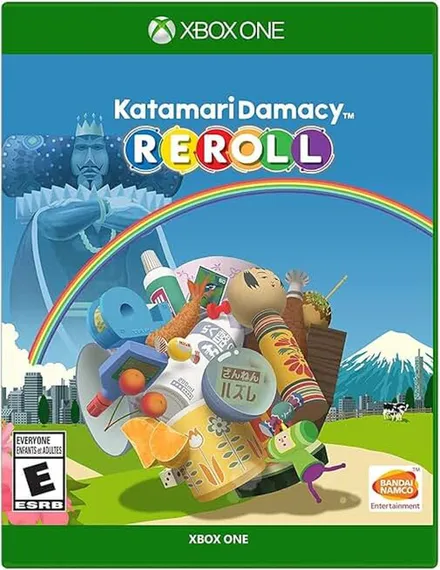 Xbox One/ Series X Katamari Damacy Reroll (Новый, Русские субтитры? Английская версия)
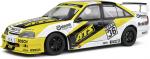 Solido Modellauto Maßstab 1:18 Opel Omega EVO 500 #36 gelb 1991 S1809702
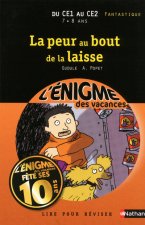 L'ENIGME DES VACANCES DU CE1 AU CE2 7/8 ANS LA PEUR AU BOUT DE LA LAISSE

==

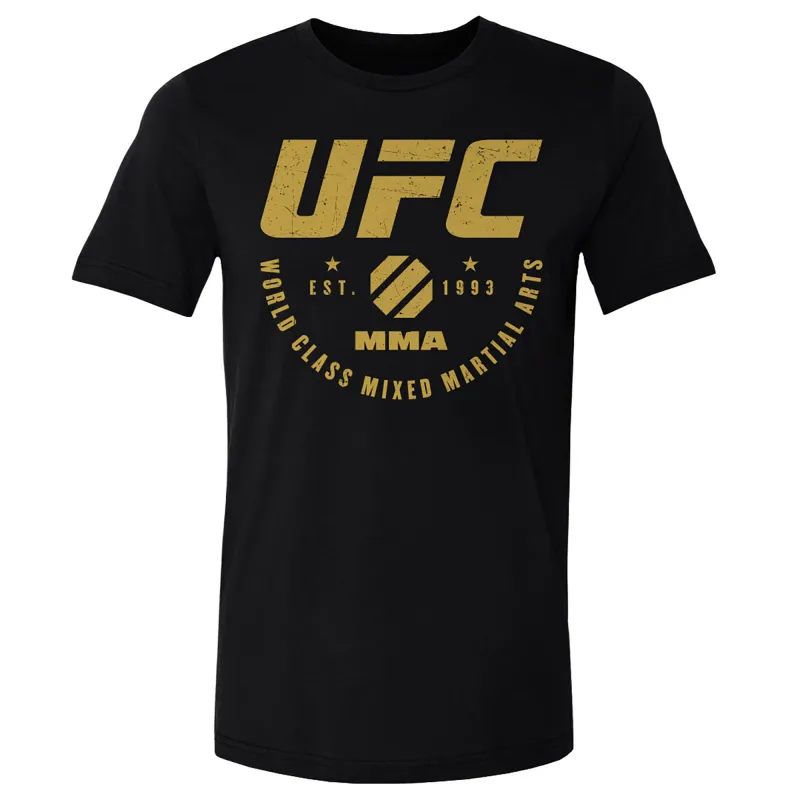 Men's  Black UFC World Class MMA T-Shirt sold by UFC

### ASSIGNMENT
When you reach the line that has "Xbox One/ Series" in the data above, start repeating lines exactly, and stop after the line that has "L'ENIGME DES VACANCES"; pictures stay out.

### SOLUTION TO THIS TASK
 Xbox One/ Series X Katamari Damacy Reroll (Новый, Русские субтитры? Английская версия)
 Solido Modellauto Maßstab 1:18 Opel Omega EVO 500 #36 gelb 1991 S1809702
 L'ENIGME DES VACANCES DU CE1 AU CE2 7/8 ANS LA PEUR AU BOUT DE LA LAISSE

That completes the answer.